Luthfi mengungkapkan, ketiga aspek tersebut harus dilaporkan kembali perkembangannya oleh Pemkab Pati ke Pemprov Jateng dalam waktu satu pekan. "Sampai sekarang ya, kajiannya belum nyampe dan lain sebagainya, dan ini menjadi teguran untuk Pemda Pati untuk tidak dilakukan kembali," ucapnya.
Ketika dikonfirmasi kembali apakah keputusan Pemkab Pati menaikkan PBB-P2 hingga 250 persen tidak menaati tiga aspek yang tercetus dalam rapat pada 22 April 2025, Luthfi menjawab, "Belum ada kajian, kajiannya belum ada".

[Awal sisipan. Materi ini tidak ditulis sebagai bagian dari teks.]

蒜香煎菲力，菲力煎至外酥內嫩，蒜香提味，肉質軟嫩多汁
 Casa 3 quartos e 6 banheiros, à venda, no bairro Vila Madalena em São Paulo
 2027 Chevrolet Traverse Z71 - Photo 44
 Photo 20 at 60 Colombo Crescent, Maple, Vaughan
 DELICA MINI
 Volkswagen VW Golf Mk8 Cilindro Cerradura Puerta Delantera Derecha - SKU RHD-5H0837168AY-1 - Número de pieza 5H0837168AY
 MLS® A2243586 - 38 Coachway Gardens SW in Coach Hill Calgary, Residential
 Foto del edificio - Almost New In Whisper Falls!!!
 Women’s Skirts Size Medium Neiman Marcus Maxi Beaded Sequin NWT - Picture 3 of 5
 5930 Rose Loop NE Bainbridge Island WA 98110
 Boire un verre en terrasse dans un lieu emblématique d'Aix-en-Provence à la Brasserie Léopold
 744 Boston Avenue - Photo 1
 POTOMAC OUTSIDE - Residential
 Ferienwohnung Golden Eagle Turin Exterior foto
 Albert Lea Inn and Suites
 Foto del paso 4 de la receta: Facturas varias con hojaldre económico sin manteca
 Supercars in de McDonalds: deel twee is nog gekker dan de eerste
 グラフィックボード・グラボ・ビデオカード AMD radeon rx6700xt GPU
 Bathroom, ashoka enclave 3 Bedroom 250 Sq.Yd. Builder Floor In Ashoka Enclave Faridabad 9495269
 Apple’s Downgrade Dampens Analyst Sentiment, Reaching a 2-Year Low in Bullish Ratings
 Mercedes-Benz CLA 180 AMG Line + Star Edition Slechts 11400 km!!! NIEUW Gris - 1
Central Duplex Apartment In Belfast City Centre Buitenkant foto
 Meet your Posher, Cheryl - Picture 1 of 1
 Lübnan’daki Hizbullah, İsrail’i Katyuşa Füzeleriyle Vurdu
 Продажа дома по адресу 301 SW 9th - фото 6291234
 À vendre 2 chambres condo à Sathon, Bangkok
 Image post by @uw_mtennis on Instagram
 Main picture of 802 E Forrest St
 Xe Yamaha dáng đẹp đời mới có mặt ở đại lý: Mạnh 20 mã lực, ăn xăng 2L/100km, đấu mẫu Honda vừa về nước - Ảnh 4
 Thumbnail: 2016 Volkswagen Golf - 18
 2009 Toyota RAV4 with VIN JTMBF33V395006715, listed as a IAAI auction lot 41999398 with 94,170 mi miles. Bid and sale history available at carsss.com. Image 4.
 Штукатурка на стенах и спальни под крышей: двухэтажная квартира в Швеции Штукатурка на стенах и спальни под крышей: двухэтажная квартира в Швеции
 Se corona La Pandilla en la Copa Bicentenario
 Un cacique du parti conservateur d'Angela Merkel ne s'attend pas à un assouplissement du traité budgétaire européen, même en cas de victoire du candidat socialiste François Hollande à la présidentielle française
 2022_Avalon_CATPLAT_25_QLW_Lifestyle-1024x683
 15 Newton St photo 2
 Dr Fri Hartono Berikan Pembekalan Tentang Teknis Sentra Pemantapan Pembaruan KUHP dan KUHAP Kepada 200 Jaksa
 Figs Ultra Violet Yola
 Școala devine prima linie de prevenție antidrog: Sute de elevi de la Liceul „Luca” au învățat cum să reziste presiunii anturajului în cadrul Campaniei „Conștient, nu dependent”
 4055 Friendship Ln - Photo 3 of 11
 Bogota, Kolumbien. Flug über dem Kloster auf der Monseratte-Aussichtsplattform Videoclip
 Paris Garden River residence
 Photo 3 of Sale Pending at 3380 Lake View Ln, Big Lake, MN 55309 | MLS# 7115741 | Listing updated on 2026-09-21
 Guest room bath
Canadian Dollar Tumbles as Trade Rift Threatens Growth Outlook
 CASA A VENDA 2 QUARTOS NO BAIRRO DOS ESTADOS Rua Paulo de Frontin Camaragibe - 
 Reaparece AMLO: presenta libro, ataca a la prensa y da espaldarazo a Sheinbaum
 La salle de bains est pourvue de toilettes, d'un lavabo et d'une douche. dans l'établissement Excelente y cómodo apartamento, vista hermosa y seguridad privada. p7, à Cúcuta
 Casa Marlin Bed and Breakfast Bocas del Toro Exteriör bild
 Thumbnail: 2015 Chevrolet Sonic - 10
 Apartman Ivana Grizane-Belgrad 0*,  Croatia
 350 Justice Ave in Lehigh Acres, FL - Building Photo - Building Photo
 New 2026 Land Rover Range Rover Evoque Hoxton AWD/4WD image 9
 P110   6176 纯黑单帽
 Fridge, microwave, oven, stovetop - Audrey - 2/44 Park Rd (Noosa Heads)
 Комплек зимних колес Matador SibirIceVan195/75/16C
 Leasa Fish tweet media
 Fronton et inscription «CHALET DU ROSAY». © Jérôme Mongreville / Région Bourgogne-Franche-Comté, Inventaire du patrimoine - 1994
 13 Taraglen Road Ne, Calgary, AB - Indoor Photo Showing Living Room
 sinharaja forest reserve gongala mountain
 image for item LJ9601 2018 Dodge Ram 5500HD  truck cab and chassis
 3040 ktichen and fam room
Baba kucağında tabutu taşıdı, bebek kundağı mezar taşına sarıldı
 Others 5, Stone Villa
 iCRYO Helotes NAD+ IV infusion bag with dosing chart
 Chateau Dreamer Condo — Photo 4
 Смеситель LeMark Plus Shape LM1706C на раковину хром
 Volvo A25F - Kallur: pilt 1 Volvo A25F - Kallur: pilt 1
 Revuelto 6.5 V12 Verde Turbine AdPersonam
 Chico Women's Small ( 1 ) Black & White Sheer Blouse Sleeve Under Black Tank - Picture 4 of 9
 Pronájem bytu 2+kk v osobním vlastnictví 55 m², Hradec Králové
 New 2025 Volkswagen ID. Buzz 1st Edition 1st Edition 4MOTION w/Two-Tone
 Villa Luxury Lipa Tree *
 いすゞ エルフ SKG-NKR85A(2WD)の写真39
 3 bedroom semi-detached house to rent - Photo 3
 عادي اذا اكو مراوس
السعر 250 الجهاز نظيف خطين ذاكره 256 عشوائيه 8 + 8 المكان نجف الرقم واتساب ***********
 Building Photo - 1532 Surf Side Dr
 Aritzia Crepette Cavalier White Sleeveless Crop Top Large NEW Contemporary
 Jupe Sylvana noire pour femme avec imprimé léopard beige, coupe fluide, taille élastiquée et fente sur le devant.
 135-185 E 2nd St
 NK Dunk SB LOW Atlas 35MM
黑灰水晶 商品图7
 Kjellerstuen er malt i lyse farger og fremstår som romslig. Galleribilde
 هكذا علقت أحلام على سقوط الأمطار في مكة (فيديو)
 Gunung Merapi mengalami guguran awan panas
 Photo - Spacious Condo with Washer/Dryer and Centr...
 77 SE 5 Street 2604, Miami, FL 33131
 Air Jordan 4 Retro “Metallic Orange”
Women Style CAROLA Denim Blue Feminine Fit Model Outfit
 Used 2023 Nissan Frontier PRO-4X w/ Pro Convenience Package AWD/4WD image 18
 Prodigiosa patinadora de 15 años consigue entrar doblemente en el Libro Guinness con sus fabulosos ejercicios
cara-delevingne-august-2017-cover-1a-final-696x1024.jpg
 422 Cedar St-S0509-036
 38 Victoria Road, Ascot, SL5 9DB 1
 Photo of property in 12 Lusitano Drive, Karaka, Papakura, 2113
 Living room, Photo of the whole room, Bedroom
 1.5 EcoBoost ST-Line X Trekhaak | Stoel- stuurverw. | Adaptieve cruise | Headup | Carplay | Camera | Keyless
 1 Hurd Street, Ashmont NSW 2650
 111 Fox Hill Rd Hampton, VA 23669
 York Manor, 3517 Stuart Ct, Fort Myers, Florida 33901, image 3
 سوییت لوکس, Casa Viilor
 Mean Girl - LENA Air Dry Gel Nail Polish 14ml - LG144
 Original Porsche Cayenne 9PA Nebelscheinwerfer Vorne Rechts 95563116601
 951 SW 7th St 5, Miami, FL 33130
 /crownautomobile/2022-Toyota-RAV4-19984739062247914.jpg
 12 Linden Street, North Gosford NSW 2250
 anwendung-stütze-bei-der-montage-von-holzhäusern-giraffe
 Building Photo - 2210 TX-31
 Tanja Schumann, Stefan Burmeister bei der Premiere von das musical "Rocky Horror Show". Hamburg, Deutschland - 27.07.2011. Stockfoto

"Tapi kan kemarin (kebijakan kenaikan PBB-P2 hingga 250 persen di Pati) sudah ditarik, sudah dicabut. Tinggal kita melakukan pembinaan ke depan," tambah Luthfi.
Luthfi menjelaskan, kenaikan PBB di suatu kabupaten atau kota merupakan kewenangan pemkab atau pemkot terkait. "Tapi tugas pemprov adalah memfasilitasi, melakukan koreksi, dan diajukan ke kita untuk dilakukan verifikasi. Hasil verifikasi ini harus ditindaklanjuti dalam waktu satu minggu," ucapnya.
Terkait kenaikan PBB, salah satu hal yang perlu dipenuhi adalah perihal kajian. "Harus menggunakan kajian pihak ketiga. Kajiannya terkait dengan kenaikan PBB itu: apakah ia sudah proporsional dan lain sebagainya," kata Luthfi.